The difference in primary parasitoid richness between 2015 and 2016 was one of the factors driving the changes in food-web structure. The variation in richness between years may primarily result from differences in sampling duration. In 2015, sampling was conducted at the watermelon fruit stage, corresponding to the peak and decline in aphid population. However, samples were collected earlier in 2016, during the watermelon flower stage. More primary parasitoid species were identified in 2016 than in 2015, indicating that primary parasitoid primarily occurred early in the growing season. Hyperparasitoids mainly act later in the season, namely in the period when aphid population densities break down owing to decreasing resource quality21. This discrepancy between the appearance points of primary and hyperparasitoids should be considered in future studies. More intensive sampling, with the same number of sampling events each year, is required to cover the entire aphid infestation period; this type of sampling program might yield more details about parasitoid dynamics. Although our approach suffered greatly from the limited number of samples we were able to obtain, our results provide a valuable framework and basis for future studies.

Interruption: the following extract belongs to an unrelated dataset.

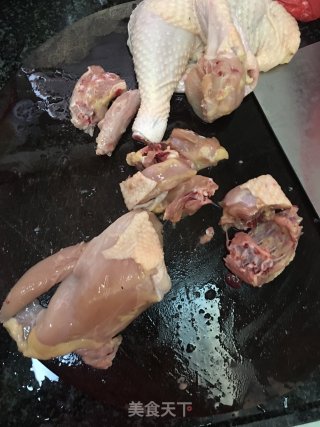 鱼胶炖鸡汤的做法步骤：1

A complex host-parasitoid food web structure does not necessarily lead to improved biocontrol. On the contrary, top-down control in host-parasitoid systems appears to be strong in simplified food webs with only one or a few key stone species51,58. Here, we focused on the third and fourth levels of trophic interactions (i.e., primary parasitoid and hyperparasitoid) to characterize the link between food web structure and pest control service. Our result showed that hyperparasitism could be higher when host community was less complex (lower generality) and consumer community was more complex (higher vulnerability). This may be related to simple interaction structures between hyperparasitoids and the dominant primary parasitoid B. communis. In the landscapes with high cropland proportion, parasitoid communities are possibly under bottom-up control, and thus exert little or no influence on pest control. In the landscapes with high proportion of woodland, active primary parasitism (biocontrol potential) tended to increase, and both hyperparasitoid richness and hyperparasitism decreased. This suggested that the top-down force of primary parasitoid was increased when hyperparasitoid was limited. Thus, landscape management programs that aim to increase primary parasitoid should consider the side effects of increasing the hyperparasitism, as these effects may dampen biocontrol potential. It may be useful to use landscape management techniques to improve biocontrol by targeting, and thus limiting the impact of, hyperparasitoid.